«Ogni erbaccia si eleva nella sua integrità / col suo modo altro di essere, non chiede pietà / col suo modo altro di essere noi / dimenticati di noi».
Piante che nascono nel posto sbagliato o erbe vagabonde? Comunque le si voglia definire le erbacce fanno parte del nostro paesaggio quotidiano. Ci parlano, ci interrogano, raccontano di noi molto di più di quello che crediamo. Possiamo provare a sottovalutarle, a ignorarle, a tentare di sradicarle, eppure loro sapranno sopravvivere, prendendo posto in prima fila nella nostra vita, diventando metafora di noi stessi.

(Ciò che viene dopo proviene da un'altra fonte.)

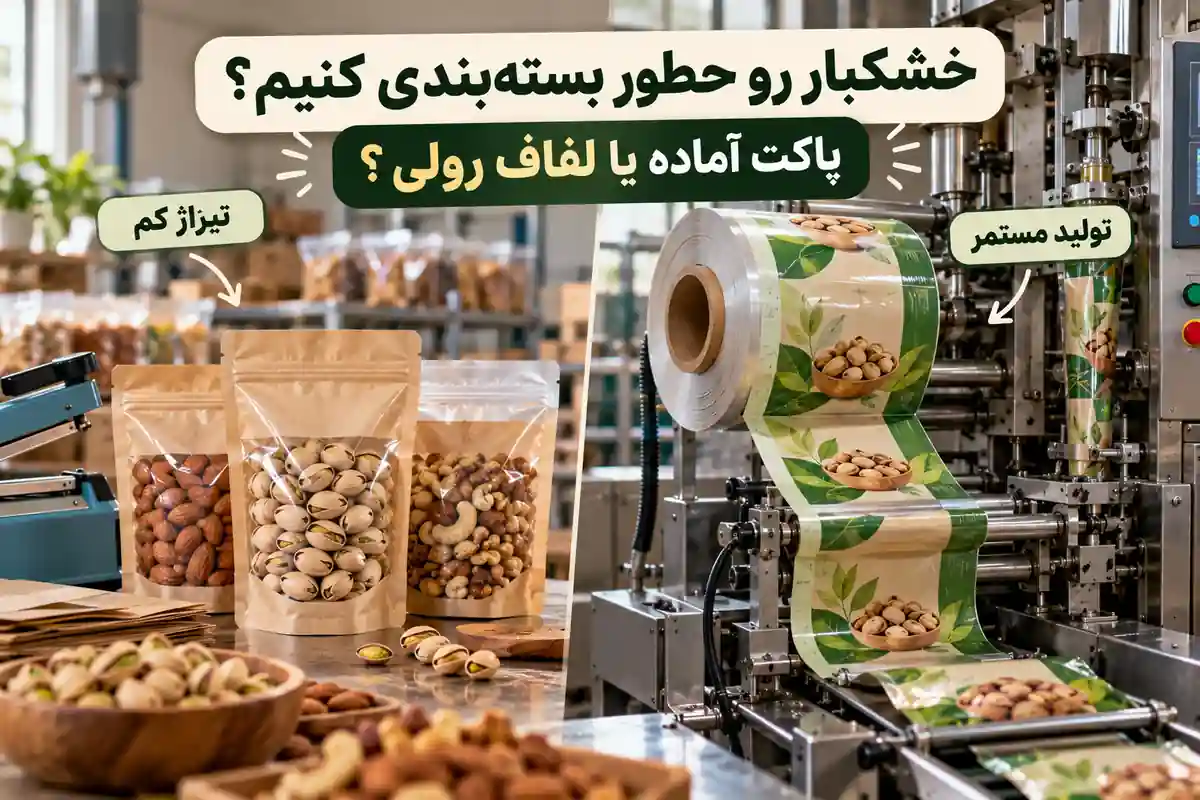 پاکت آماده یا لفاف رولی برای خشکبار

Con curiosità, un sorriso indulgente e qualche robusto innesto di ironia questo libro osserva le malerbe da un punto di vista inconsueto. Vi compare un’umanità varia fatta di giardinieri frustrati, contadini-monaci, matti che profetizzano, papi poeti e psichiatri disadattati. Tutti testimoni, in fondo, di come le erbacce – quella sconsiderata bizzarria della natura – abbiano una loro ragione di essere, una loro dignità, e di come, quasi sempre, l’infestante da debellare, il vero nemico, non sia fuori ma dentro di noi.